JUONのあの人: 第31回 原島幹典さん

第31回 JUONのあの人
原島幹典さん

原島さんは1957年、東京都西多摩郡奥多摩町に生まれた。祖父の代から山を所有しており、長男が山を受け継がないと決めた学生時代に、林業の継承を決意。それまでよそごとと感じていた森づくりを意識するようになる。東京農業大学の学生の時には、1年間住み込みで林業の修行にも出ていた。「このままいくと研究室でお礼奉公させられるのは見えていたので、修行に行かせてもらいますって(笑)。勝手に自分で北山に行っちゃったの。」
 


東京都奥多摩町を中心に、毎年秋から冬に行われる全5回の「森林ボランティア青年リーダー養成講座in東京」。その第4回目に指導いただいているのが、原島幹典さんです。岐阜県立森林文化アカデミーの教授であり、奥多摩に山を持つ原島さんに、森林ボランティアへの思いやこれからについて語っていただきました。
 
 

どうすれば次世代に賭けない形で山を引き渡せるか、自分の一番大きなテーマ。


「これだけの人達が関心を持って応援してくれるなら、なんとかなるかもしれん。」

多様な人々が継続的な森づくりをしていくために開催された「第1回森林づくりフォーラム」。1994年に東京農業大学の演習林(奥多摩町)で行われたこのシンポジウムが、森林ボランティアへの関心のきっかけだったと原島さんは話す。
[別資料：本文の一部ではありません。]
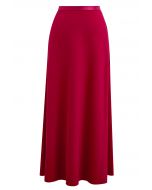 Sleeky Elastic Waist Maxi Skirt in Magenta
洋品店を営む山主の次男として生まれた原島さんは、大学の経営学部を出て山の継承を決意。東京農業大学の林学科へ編入した後、奥多摩の実家で約4年半、林業に携わる。しかし、山の樹齢が若かったこともあり、経営難に。北山杉の苗を父親の代から植えるなど特殊なやり方を試みてもお金になることはなかった。もはや林業で食べていくことはできないと痛感する。

「一度は自分が手をかけた山はあったけども、もうそれは無理だって諦めて。見て見ぬふりをするようになっていたわけね。」

原島さんは林業を離れ、地元の第三セクターに就職し、サラリーマンに転身。そのうち、世帯を持ち生活も安定していくのだが、そのなかで声をかけられて参加したのが森林づくりフォーラムだった。そして、ボランティアなどで森林に関わっていた都市の人と、山村の人が交流するなかで、森林ボランティアへの大きなニーズを感じたのである。

「関係ない人達がここまで熱意を持ってね、関わろうとするのを見ちゃうと、逃げ出すわけにはいかんなこれはって、逆に自分の中の考え方が少し変わってきて。」

もう一度トライしようと、原島さんは、林業家・森林インストラクターとして「東京都奥多摩都民の森(体験の森)」や「奥多摩・山しごとの会」などで積極的に活動していった。そして、11年間務めたサラリーマンを41歳で辞めて独立してからは、実家の会社で林業の事業も請け負うように。2005年、森林文化アカデミーの教員に就任。現在は教授として、山村文化や森づくりについて教鞭をとる。

その後、組織化した「森づくりフォーラム」の理事も当初からしていた原島さんは、森林ボランティア関係の集まりなどを通して、鹿住貴之事務局長と出会い、JUONとつながりを持つようになる。今年度で第18期目となった「森林ボランティア青年リーダー養成講座in東京」では、04年の第6期から講師をお願いしており、山や集落の視察で、森林の見方や考え方を教えていただいている。大樹を訪ねたり民家へ行ったりと、行き先は毎年様々だが、ポイントとしては二つあるという。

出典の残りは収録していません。